E’ perfino ovvio: la crisi ha un impatto sull’attuale popolazione attiva in termini di disoccupazione o riduzione dell’orario di lavoro, ma occorre ricordarsi sempre che ci sarà un costo differito in termini di diritti pensionistici non accumulati “in particolare tra i giovani”. E’ un aspetto che ora non fa notizia perché non è a trent’anni che ci si pone il problema della pensione (e giustamente), ma classi dirigenti avvedute devono porselo in tempo per non trovarsi nei guai quando in Europa il numero dei 60enni e dei 70enni aumenterà sempre più velocemente (fino al 2025-2026) al ritmo di 2 oltre due milioni e quando, dal 2013-2014, calerà il numero dei 20-59enni (due milioni in meno previsti nel 2020).
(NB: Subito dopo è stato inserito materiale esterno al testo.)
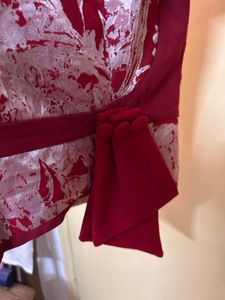 Red &amp; Silver Floral Top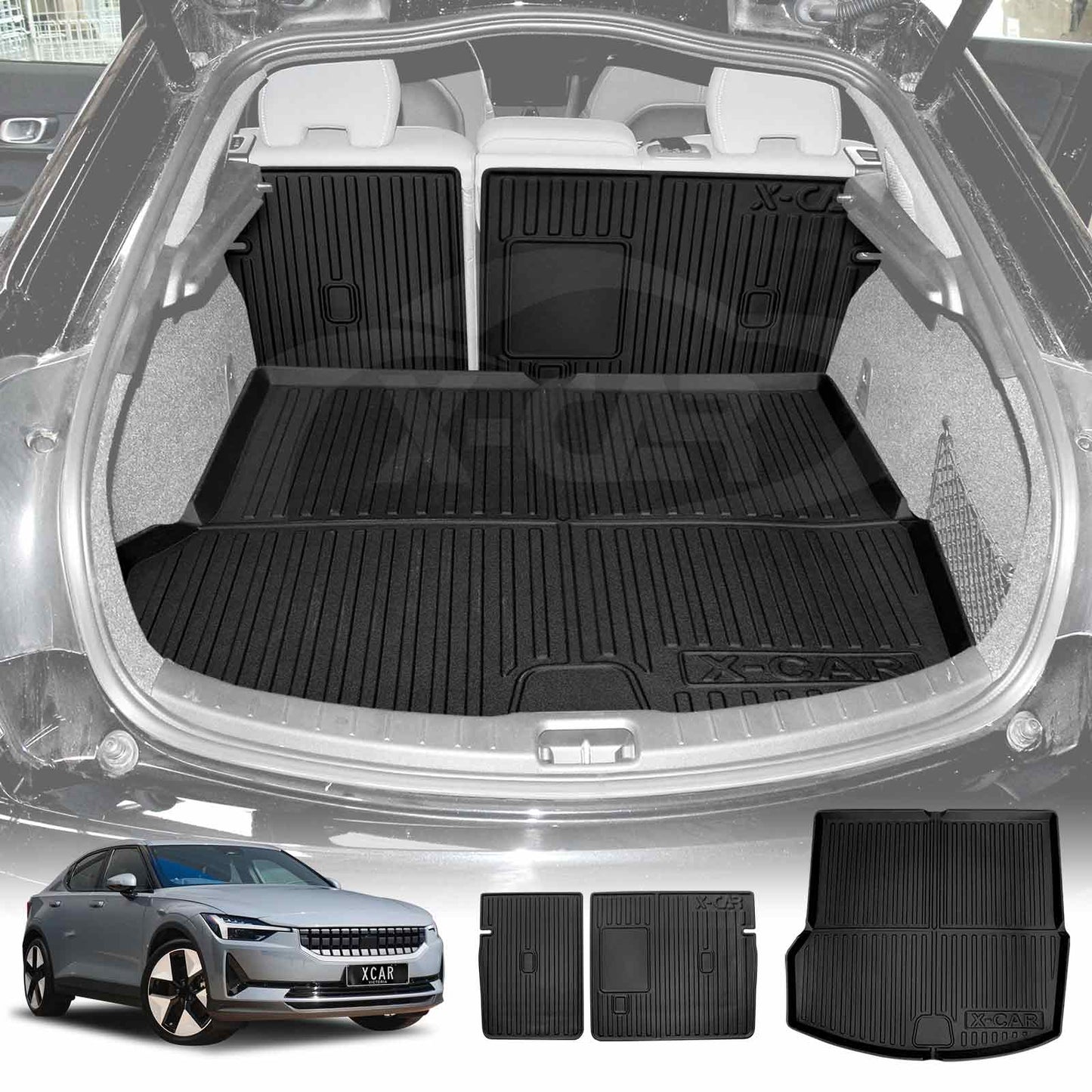 Boot Liner Back Seat Protector for Polestar 2 2021-Onwards All Weather Heavy Duty Cargo Car Trunk Kick Mats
La crisi finanziaria e la recessione hanno reso meno sostenibili i sistemi pensionistici cosicché l’indicazione è premere l’acceleratore sull’innalzamento dell’età pensionabile, un obbligo per tutti i paesi tenendo conto che in Europa solo circa il 40% dei sessantenni è occupato. In questo quadro, indicano i ministri finanziari, l’immigrazione va considerata una risorsa e non un fardello. Con un linguaggio un po’ pilatesco, i ministri dicono che “gli aspetti positivi della migrazione devono essere pienamente sfruttati”. Traduzione: più ci sono lavoratori/cittadini in regola e più ci sono soldi per finanziare il welfare nazionale.
Anche se in molti paesi sono stati compiuti progressi nella riforma dei sistemi pensionistici, la sfida è solo all’inizio (l’Italia fa parte del gruppo di paesi in cui la spesa per l’invecchiamento della popolazioni al 2060 aumenterà in misura “più moderata” secondo la Commissione europea, ma per quanto riguarda il livello "resta tra i più elevati nella Ue”). Il ragionamento è il seguente: i cambiamenti ai regimi pensionistici tendono a rendere i benefici per i pensionati dipendenti dall’andamento del mercato del lavoro e dei mercati finanziari per cui “l’adeguatezza delle future pensioni si fonderà in misura crescente sul buon andamento dell’economia, sulla capacità dei mercati del lavoro di offrire opportunità per carriere contributive lunghe e con poche interruzioni, sulla combinazione di sicuri e appropriati ritorni dai mercati finanziari” del denaro investito nei fondi pensioni. Attualmente, tutti e tre questi aspetti sono in forse.